Nevertheless, OPEC+ assures that in the event of a sharp increase in demand, they will be able to adjust production and prevent the oil market from overheating.
Gas prices have started to rise due to the European gas crisis, but it seems that new price records are now being achieved in the absence of obvious new reasons.
We are faced with the inability of the market to generate an adequate gas price. It does not reflect either the level of transactions or the state of the market in Europe. But this is only part of the truth. In addition to gas producers, traders are actively working on the market, but they have serious financial problems due to high gas prices.
Why should I know that?
The inflationary background may contribute to the growth of securities of companies from the electric power sector and consumer goods.
Given the current situation with gas prices in Europe, investors should pay attention to protective assets, as well as shares of companies exporting natural gas, coal, oil and polymers.
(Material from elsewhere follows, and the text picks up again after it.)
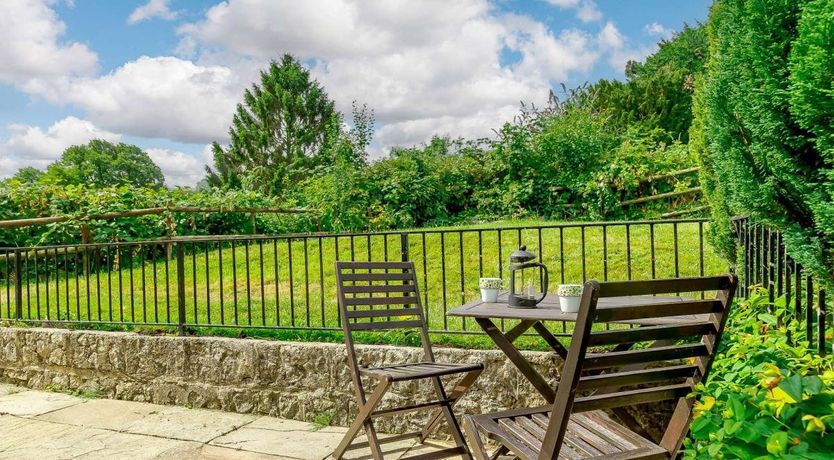 Photo of 1 Bed in Ashford-in-the-Water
An increase in inflationary pressure may have a positive impact on the profitability of grocery retailers, Walmart-type chains and consumer goods manufacturers such as Procter & gamble and Johnson & Johnson.
This week, Reuters reported another reason for the price increase – brokers and exchanges demanded that commodity traders increase financial guarantees for short contracts due to rising prices for gas futures contracts, margin calls were experienced by the largest commodity traders Glencore, Gunvor, Trafigura and Vitol, among others. The special drama of the situation is that operations with commodity futures themselves are an element of hedging or insuring financial risks for traders with sharp fluctuations in commodity prices, but no one expected such a sharp rise in prices.
The consequences of such high gas prices will continue to increase prices for other energy carriers, such as energy coal and petroleum products. If we recalculate the cost of a barrel of oil in Europe based on the energy value of alternative gas, then it should be above $200.
Now we can say that in the foreseeable future there are no serious reasons that can stop the gas crisis that has broken out. Supplies of liquefied natural gas, which can partially compensate for the imbalance in the European market, are reoriented to Asia, where there is still high demand, especially from China. Komlev said that due to the growing demand for LNG in Asia, where gas is sold more expensive, another 14 billion cubic meters of gas did not reach Europe. This is 4-5% of the volume of consumption, “it was enough for prices to go off the chain,” added the top manager of Gazprom Export.
It is obvious that without the intervention of the regulator, the process of price growth can be catastrophic.